Even with the new money and a diversifying approach that goes beyond just the web, as previously reported on Metue, the road ahead for comedy-centric video sites is not guaranteed to be smooth or easy to travel.  Great content or Hollywood support doesn’t automatically assure a program can break through the voluminous clutter of content floating around.  It’s the net-effect of all the video proliferation: discovering quality can be a chore.  “If you build it they will come,” doesn’t fully apply.   It is also tough to capture the loyalty and return interest of an Internet audience.  You have to consistently deliver quality. 

Adding to the challenges, competition is intense.  Funny or Die competes head on against a long list of other offerings similarly backed by credible entertainment industry veterans or deep pocketed investors.   Some of these are production houses aimed at generating high-grade Internet video. Some are in house offerings from traditional production studios like Disney or Warner Brothers.  Others still define themselves as video portals; some even comedy specific.  

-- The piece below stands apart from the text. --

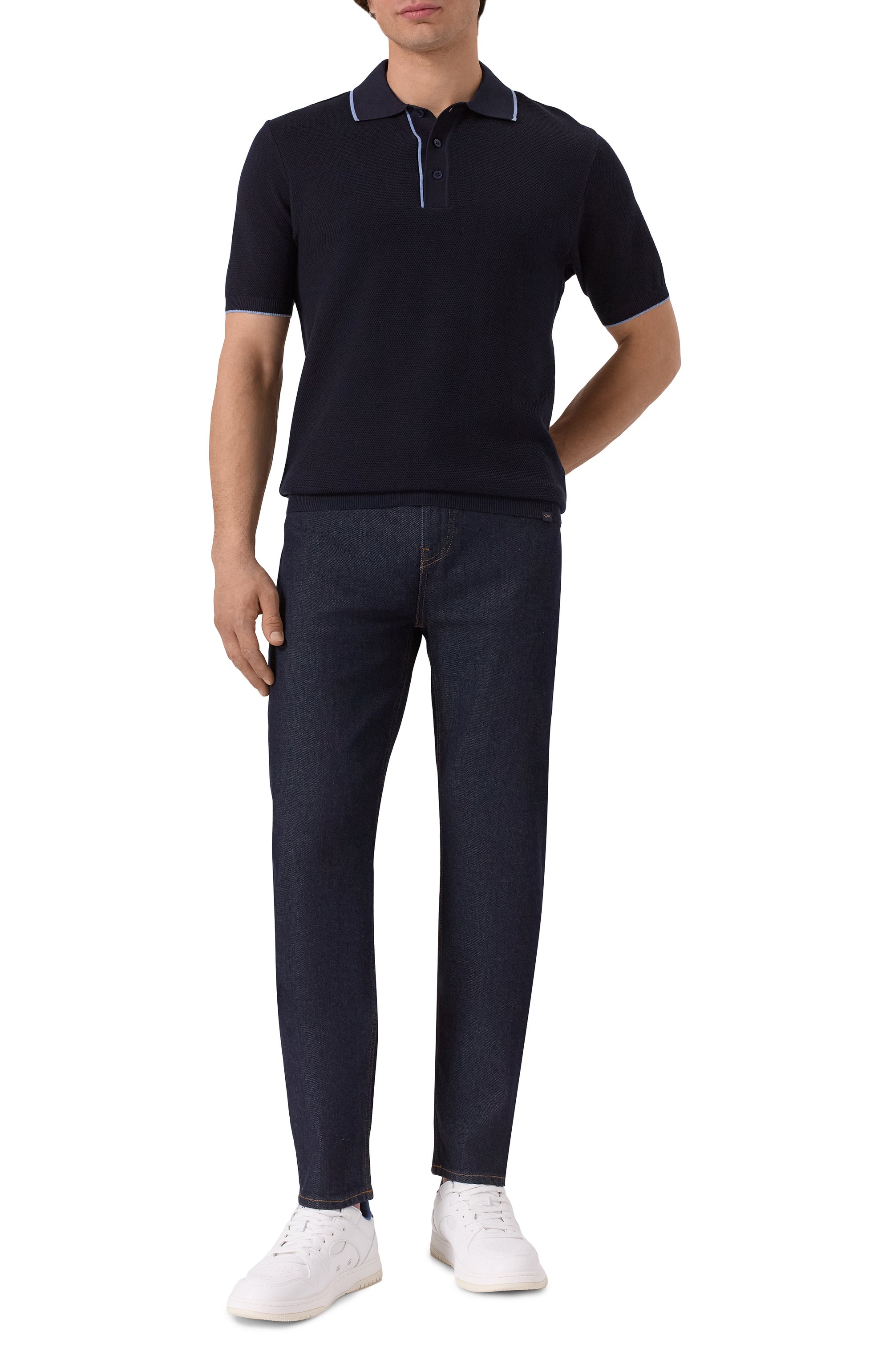 Поло из хлопка и кашемира PAUL&SHARK, арт. 25411625/XXL, фото 2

The latest entrant into the fray has the benefit of a memorable name: There is also more recent entrant National Banana which is a comedy offering helped by Jerry Zucker, the famed writer/producer/director behind Airplane and the Naked Gun Movies (he also directed Ghost).    In case that’s not enough, to name just a few: there’s neighboring Santa Monica video studio Deca (funded by Mayfield and General Catalyst),  Vuguru (ex-Disney Chief Michael Eisner’s studio), United Talent Agencies incubated 60 Frames Entertainment (which gets help from current Oscar contenders the Coen Brothers) and also My Damn Channel, an offering that struggled to build audience at its own site in its early days despite packaging by former MTV exec Rob Barnett and content from comic industry veteran Harry Shearer.
[Note: per the comment from Rob below, audience for many MyDamnChannel programs has picked up nicely. They've won several industry awards and are generating a large number of 'views.' Because a lot of those views come through syndication deals with MySpace and YouTube, measurement of traffic solely at the company's own site can be a misleading indicator.]

For a video site, the bottom line (which could become a punch line) is that it’s tough out there.  Funny or Die does have a few things going for it– they’re very well funded and with the help of A-List comedic talent like Will Ferrell on board, they are a deal pre-packaged with interested fans.  (Assuming the talent actually commits the time to develop quality programming….  A big assumption according to some reports.) 

Financial terms of HBO’s investment haven’t been disclosed but based on estimated valuations for the Series B financing, the suggestion is, unless the money was invested as part of continuation of that prior round, the pre money valuation likely fell in the range of $120m to $160m. That would suggest HBO paid $12 to $16million for their ten percent. (Note: The size of the purchase, whether 10% or less, has not been confirmed)

Funny or Die is averaging around 3m to 3.2m unique visitors a month to its website.